ECLI:NL:RBDHA:2021:15727

Rechtbank Den Haag

Datum uitspraak
6 mei 2021
Publicatiedatum
22 februari 2022
Zaaknummer
NL21.5601
Instantie
Rechtbank Den Haag
Type
Uitspraak
Rechtsgebied
Bestuursrecht; Vreemdelingenrecht
Procedures
  • Eerste aanleg - enkelvoudig
Rechters
Vindplaatsen
  • Rechtspraak.nl
AI samenvatting door LexboostAutomatisch gegenereerd

Afwijzing asielaanvraag op basis van Dublinverordening met betrekking tot Duitsland

In deze zaak heeft de Rechtbank Den Haag op 6 mei 2021 uitspraak gedaan in een asielzaak waarbij de eiser, vertegenwoordigd door mr.

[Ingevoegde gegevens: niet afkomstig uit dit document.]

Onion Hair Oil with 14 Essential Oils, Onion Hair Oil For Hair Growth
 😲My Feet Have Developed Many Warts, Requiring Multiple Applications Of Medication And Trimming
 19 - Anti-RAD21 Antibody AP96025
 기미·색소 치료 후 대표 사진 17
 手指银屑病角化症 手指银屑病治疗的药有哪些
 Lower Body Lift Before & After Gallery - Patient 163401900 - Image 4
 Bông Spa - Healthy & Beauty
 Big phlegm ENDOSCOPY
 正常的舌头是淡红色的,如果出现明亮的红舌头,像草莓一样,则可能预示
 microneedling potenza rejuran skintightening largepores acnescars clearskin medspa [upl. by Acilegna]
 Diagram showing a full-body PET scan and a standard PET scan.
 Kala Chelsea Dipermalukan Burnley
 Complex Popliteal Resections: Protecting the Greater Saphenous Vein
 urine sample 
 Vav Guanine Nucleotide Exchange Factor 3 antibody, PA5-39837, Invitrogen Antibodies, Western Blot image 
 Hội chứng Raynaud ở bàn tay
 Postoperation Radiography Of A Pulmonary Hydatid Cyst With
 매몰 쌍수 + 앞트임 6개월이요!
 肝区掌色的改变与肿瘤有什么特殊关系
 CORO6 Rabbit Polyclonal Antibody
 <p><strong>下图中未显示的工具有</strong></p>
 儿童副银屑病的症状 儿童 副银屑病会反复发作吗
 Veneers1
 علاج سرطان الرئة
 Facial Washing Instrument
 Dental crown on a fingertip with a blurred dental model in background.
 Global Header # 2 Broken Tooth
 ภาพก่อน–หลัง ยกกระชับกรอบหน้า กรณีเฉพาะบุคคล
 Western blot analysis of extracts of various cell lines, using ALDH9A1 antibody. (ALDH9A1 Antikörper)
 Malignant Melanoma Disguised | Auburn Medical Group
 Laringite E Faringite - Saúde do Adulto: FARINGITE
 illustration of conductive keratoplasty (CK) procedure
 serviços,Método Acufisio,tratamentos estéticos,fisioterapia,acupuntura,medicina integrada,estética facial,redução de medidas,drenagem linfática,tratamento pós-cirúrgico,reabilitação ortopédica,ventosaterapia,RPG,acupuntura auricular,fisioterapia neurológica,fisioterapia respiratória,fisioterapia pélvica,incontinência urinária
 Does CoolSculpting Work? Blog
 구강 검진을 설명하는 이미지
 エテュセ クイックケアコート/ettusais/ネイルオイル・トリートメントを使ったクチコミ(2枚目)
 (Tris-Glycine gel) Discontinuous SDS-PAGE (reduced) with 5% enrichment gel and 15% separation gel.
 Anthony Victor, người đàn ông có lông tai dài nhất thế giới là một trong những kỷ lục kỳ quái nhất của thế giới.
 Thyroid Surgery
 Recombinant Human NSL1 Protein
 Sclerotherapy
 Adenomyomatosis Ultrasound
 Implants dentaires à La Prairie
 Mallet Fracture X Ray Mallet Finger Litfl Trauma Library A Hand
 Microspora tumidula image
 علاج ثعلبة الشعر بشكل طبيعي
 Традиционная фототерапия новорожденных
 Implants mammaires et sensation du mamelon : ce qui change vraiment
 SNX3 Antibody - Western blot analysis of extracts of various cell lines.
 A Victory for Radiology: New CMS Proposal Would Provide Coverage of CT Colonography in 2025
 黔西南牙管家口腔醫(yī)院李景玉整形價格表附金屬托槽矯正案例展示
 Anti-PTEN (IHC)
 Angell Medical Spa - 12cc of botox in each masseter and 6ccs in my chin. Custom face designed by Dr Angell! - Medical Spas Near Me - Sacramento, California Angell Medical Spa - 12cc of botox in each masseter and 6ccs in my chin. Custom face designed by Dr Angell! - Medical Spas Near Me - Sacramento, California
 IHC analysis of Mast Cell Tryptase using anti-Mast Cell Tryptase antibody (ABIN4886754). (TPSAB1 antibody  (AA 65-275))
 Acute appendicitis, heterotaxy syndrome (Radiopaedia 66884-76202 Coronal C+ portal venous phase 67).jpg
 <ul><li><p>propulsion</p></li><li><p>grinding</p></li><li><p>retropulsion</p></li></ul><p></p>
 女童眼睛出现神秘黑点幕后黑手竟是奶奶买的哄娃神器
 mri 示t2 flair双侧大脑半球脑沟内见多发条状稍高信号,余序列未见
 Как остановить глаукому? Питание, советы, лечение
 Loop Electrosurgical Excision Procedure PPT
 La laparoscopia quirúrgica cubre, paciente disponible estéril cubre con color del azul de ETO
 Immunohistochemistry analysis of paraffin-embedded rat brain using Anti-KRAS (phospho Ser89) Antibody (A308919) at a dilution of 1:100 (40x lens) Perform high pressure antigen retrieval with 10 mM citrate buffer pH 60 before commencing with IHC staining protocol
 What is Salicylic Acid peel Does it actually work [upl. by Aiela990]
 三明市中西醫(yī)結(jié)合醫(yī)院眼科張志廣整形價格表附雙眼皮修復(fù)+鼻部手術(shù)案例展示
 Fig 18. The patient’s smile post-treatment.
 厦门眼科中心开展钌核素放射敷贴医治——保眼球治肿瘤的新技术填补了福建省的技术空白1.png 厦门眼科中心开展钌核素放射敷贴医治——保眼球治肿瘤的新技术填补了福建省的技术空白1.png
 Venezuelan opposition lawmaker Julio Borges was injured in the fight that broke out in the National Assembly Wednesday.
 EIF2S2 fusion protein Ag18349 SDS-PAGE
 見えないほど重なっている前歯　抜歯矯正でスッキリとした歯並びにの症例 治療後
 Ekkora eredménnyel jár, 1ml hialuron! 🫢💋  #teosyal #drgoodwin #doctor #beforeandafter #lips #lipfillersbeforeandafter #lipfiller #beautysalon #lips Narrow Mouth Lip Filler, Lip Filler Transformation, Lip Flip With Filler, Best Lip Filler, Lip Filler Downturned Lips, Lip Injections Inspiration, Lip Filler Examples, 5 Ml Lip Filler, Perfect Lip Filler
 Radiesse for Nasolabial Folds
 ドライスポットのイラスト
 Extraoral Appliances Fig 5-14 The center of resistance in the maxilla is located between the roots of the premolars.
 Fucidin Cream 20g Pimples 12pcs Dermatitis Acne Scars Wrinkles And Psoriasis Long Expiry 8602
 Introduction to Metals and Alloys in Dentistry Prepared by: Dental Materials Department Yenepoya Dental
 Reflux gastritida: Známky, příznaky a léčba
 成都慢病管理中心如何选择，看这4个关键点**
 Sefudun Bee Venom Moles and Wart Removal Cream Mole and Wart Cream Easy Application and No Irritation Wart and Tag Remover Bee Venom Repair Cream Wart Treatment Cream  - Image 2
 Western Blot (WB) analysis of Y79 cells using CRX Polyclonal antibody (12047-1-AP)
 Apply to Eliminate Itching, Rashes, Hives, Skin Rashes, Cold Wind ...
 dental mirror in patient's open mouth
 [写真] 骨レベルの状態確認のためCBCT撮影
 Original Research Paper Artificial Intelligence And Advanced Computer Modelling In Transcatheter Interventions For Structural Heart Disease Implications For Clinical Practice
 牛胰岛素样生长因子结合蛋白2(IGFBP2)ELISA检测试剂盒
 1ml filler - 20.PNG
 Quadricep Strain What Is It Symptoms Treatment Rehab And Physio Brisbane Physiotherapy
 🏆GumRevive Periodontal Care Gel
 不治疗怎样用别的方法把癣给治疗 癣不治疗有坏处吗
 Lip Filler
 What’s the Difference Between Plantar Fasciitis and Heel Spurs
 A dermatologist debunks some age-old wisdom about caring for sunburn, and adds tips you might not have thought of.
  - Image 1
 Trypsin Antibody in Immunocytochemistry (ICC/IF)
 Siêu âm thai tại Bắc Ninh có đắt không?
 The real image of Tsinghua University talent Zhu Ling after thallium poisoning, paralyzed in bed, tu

J. de Jong, een verblijfsvergunning asiel voor bepaalde tijd had aangevraagd. De Staatssecretaris van Justitie en Veiligheid, vertegenwoordigd door mr. F.F.M. van de Kamp, heeft de aanvraag van eiser niet in behandeling genomen, omdat Duitsland volgens de Dublinverordening verantwoordelijk is voor de behandeling van de asielaanvraag. Eiser heeft hiertegen beroep ingesteld.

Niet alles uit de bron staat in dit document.